Setting the Agenda for Making and Doing History (of Technology)

Organizers: Evelien de Hoop (VU Amsterdam), Sjamme van de Voort (VU Amsterdam), Jonas van der Straeten (TU Eindhoven)

This closing work session brings the Making & Doing track together by asking what has been opened up across the conference. Throughout the track, contributors experiment with exhibitions, workshops, performances, walking tours, digital platforms, discussion cafés, and other formats that make historical knowledge active, public, and collectively discussable. This session takes those experiments as a starting point for a shared conversation about what Making & Doing history of technology might mean, what it adds to existing forms of historical scholarship, and what questions it raises for future work.

Rather than defining Making & Doing in advance, the session invites participants to reflect on what has become visible through the track itself. How were pasts mobilised in relation to present-day issues? How did different formats, materials, collaborations, and publics shape the histories being made? What kinds of learning, friction, responsibility, or possibility emerged when historical knowledge moved beyond conventional academic presentation?

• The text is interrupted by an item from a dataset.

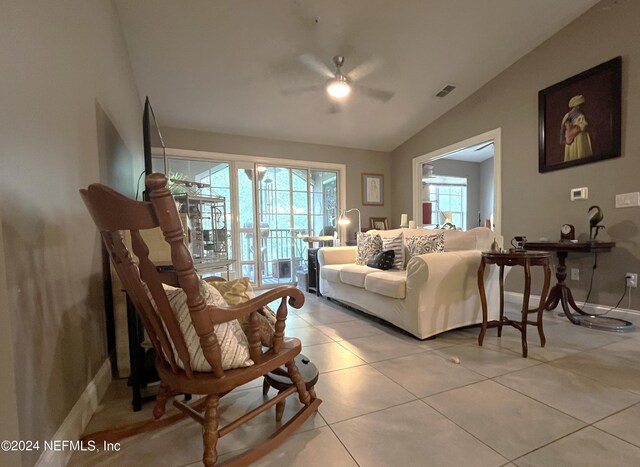 tiled living room featuring lofted ceiling and ceiling fan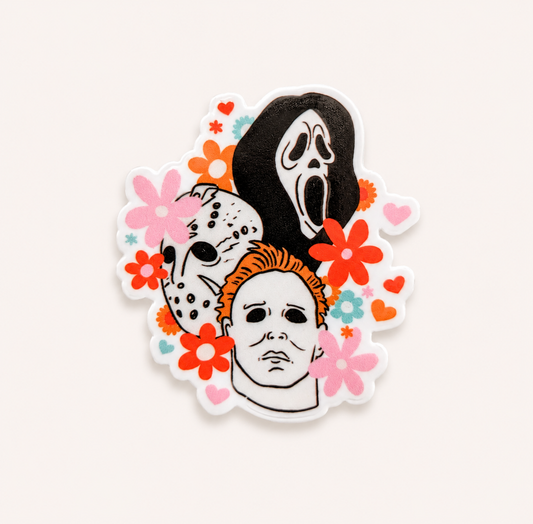 Retro horror floral plastic add-on for compatible interchangeable badge reel bases with spooky slasher character design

The session will draw on observations from the conference-wide reflective exercise, the exhibition space, and the individual sessions. Together, participants will identify recurring themes, tensions, and agenda points for further developing Making & Doing history of technology as a field of practice, reflection, and debate. In this sense, the session functions both as a closing reflection on the track and as an opening move towards future conversations, collaborations, and possible post-conference outputs.